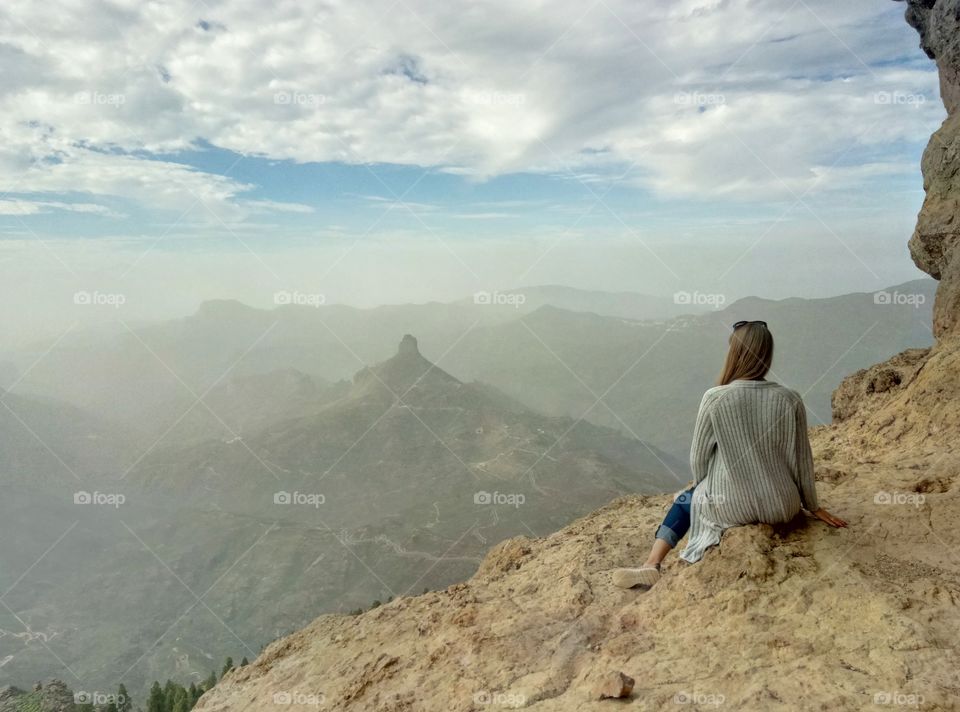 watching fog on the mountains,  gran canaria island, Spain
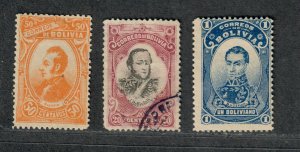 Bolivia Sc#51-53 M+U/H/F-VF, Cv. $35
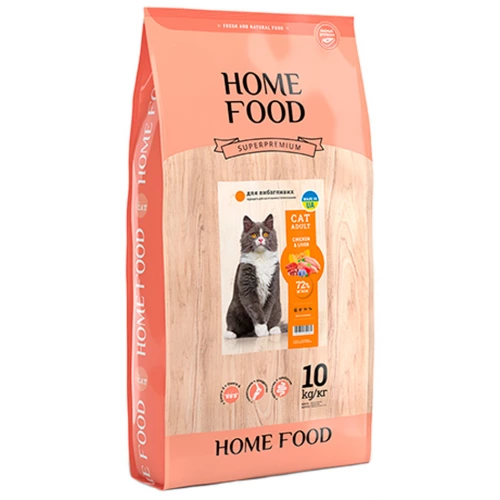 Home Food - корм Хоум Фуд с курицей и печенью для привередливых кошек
◆ ◆ ◆ ◆ ◆
# Task prompt:
Each line above is to be copied verbatim. Drop any image from the copy.

# Task response:
 watching fog on the mountains,  gran canaria island, Spain
 Bolivia Sc#51-53 M+U/H/F-VF, Cv. $35
 Home Food - корм Хоум Фуд с курицей и печенью для привередливых кошек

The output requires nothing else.